Commission d'enquête Rénovation énergétique — Réunion du 6 mars 2023 à 15h00
Audition de Mme Corinne Le quéré présidente du haut conseil pour le climat

Corinne Le Quéré, présidente du Haut Conseil pour le climat :

Le HCC est en effet un organisme indépendant inscrit dans la loi Énergie-climat de 2019. Il est chargé d'évaluer la stratégie du Gouvernement en matière de climat et sa cohérence avec l'accord de Paris. Il compare les actions de la France par rapport à celles des autres pays et émet des avis et des recommandations indépendants et objectifs.

Le HCC doit rendre chaque année un rapport sur le respect de la trajectoire de baisse des émissions au regard du budget carbone de la France. Dans ce cadre, il effectue un suivi des émissions provenant des bâtiments. Le rapport prend aussi en considération l'impact socio-économique des actions. Le Gouvernement doit répondre à ce rapport dans les six mois. Ce cycle vertueux vise à rehausser le niveau des actions et à suivre leur évolution.

Le HCC a également publié, après une saisine du Gouvernement, un rapport de parangonnage sur la rénovation énergétique du bâtiment dans lequel nous avons comparé les actions de la France avec celles de la Suède, de l'Allemagne, des Pays-Bas et du Royaume-Uni.

Notre dernier constat énonce que le secteur du bâtiment est responsable de 18 % des émissions directes en France. Avec le chauffage au fioul et au gaz, poste qui génère le plus d'émissions, et le secteur des transports, le bâtiment est l'un des grands secteurs émetteurs, quasiment au même niveau que l'agriculture et l'industrie.

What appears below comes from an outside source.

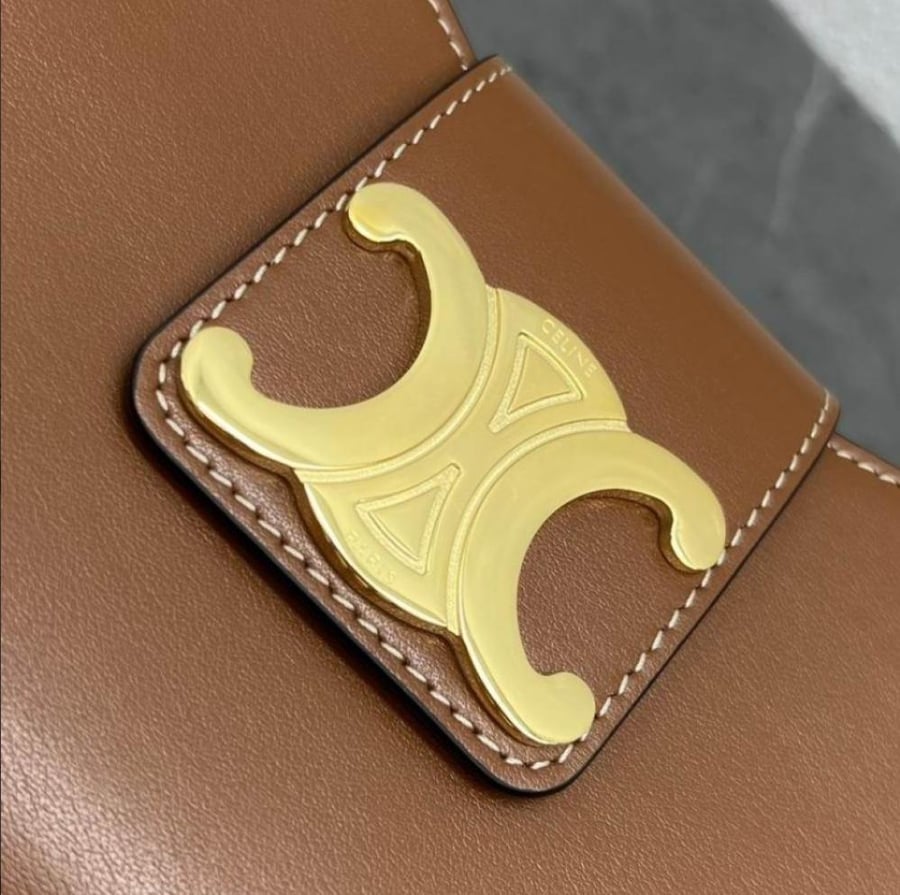 Celine Medium Ava Triomphe Bag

Les demandes en énergie pour se chauffer sont d'autant plus importantes que les bâtiments sont mal isolés : des pertes d'énergie pourraient être évitées. En outre, lorsqu'on prend en compte les émissions qui sont associées à l'électricité et aux réseaux de chaleur, la part des bâtiments s'élève à environ 28 %, soit un peu plus d'un quart des émissions.

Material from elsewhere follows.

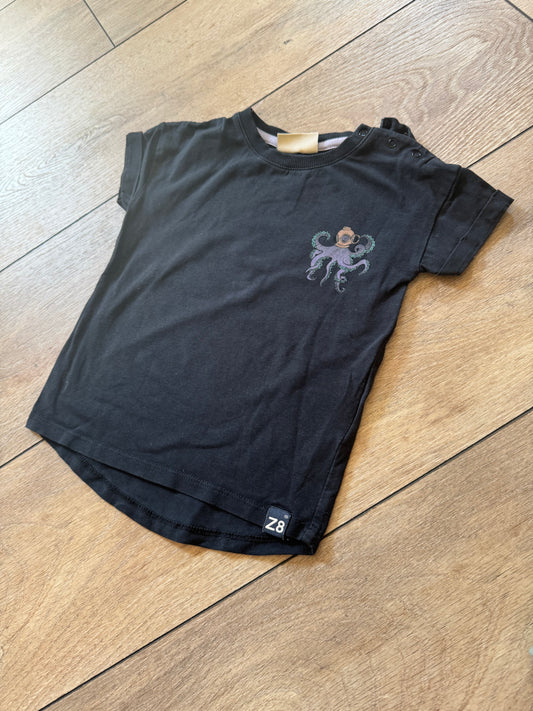 Z8 tshirt maat 80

Ce secteur peut et doit parvenir au « zéro émission » pour que la France atteigne la neutralité carbone en 2050 et réponde au changement climatique. Si nous n'atteignons pas cette neutralité carbone au niveau global, le réchauffement de la planète se poursuivra. L'objectif est donc très important, pour la France et pour le secteur du bâtiment.

Le secteur peut atteindre cet objectif de neutralité - ou presque - grâce à une rénovation thermique globale de l'ensemble du parc des bâtiments, à une augmentation de l'efficacité énergétique et au développement du chauffage bas-carbone, qui passe par la création de pompes à chaleur électriques ou sur des réseaux de chaleur. Nous pourrions penser qu'il suffirait de substituer au chauffage au gaz et au fioul le chauffage bas-carbone, mais la demande supplémentaire qui pèserait alors sur le réseau électrique serait trop forte compte tenu de la hausse anticipée de la demande émanant des autres secteurs, en particulier de ceux des transports et de l'industrie. L'amélioration de la performance énergétique des logements demeure donc essentielle. Par ailleurs, celle-ci entraine plusieurs co-bénéfices, dont la réduction de la facture énergique, l'amélioration du confort thermique et la réduction des externalités liées à l'énergie. Enfin, la rénovation énergétique constitue un gisement d'emplois important.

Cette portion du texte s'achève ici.